While everyone is busy laughing at Avast, I think this is a great opportunity to point out key lessons that might just save you from getting hacked yourself. If that sounds interesting to you, here they are …

Lessons #1: Patch Third-Party Software

The Avast hack was possible because of a security vulnerability in third-party software they were using to support their user forums.

The key lesson: Inventory and patch all the software your organization relies on. Just remember, you have to defend all possible ways into your network and systems, hackers just have to find the one you forgot.

Lesson #2: Always Use Unique Passwords

The Avast attack lead to 400,000 user account credentials being stolen. Yes, they were hashed (a way of minimally protecting passwords), but they can and will be cracked. It’s really just a matter of time before hackers can break the hashing protection and retrieve user passwords.

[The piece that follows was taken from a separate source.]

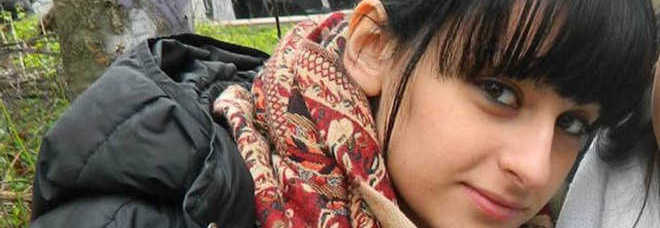 UCCISE E BRUCIÒ VIVA SEI MESI FA LA FIDANZATA FABIANA DI 16 ANNI: ESCE DI PRIGIONE - 25/01/2014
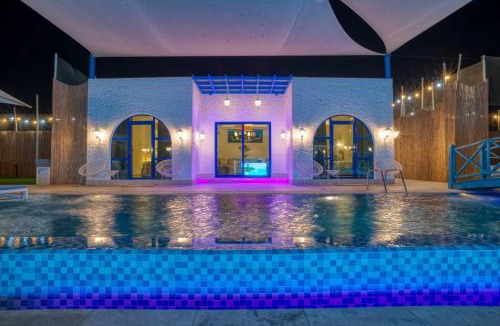 Ras Al Khaimah Ski Chalet | Santorini check in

The key lesson: Re-using passwords is a bad idea. If you’re using the same password across multiple sites, all it takes for one site to get hacked and then you’re hosed on the other site. Use different passwords, it’s probably the easiest thing you can do to protect yourself today.

Lesson #3: Keep Your Systems Separated

One really good thing that Avast did, which I think got lost in the report below, is that they kept their systems separated from one another.  That is the forum software that hacked was kept separate from all the other systems in Avast’s more critical networks.

They key lesson: Instead of keeping everything together on a single server or network, split them up by importance or business criticality.  That way you make the job of hackers significantly harder: instead of hacking into just a single system and getting the keys to the kingdom, they need to hack into 2 or more systems. That greatly decreases their chances of success, and increases their chances of getting caught.

Whenever security companies get hacked, reporters love to jump all over those companies. Sure, it’s embarrassing, but also a great opportunity to learn from mistakes so that you don’t get hacked either. Happy Friday and thanks for reading.